##### EXERCISE DATA

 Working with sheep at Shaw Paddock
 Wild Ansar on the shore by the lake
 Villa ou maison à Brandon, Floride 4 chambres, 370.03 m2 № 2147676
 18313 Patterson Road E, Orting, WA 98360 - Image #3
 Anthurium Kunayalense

##########

EXERCISE REQUIREMENTS: The whole listing above is to be reproduced without any slip.

REPLY:
 Working with sheep at Shaw Paddock
 Wild Ansar on the shore by the lake
 Villa ou maison à Brandon, Floride 4 chambres, 370.03 m2 № 2147676
 18313 Patterson Road E, Orting, WA 98360 - Image #3
 Anthurium Kunayalense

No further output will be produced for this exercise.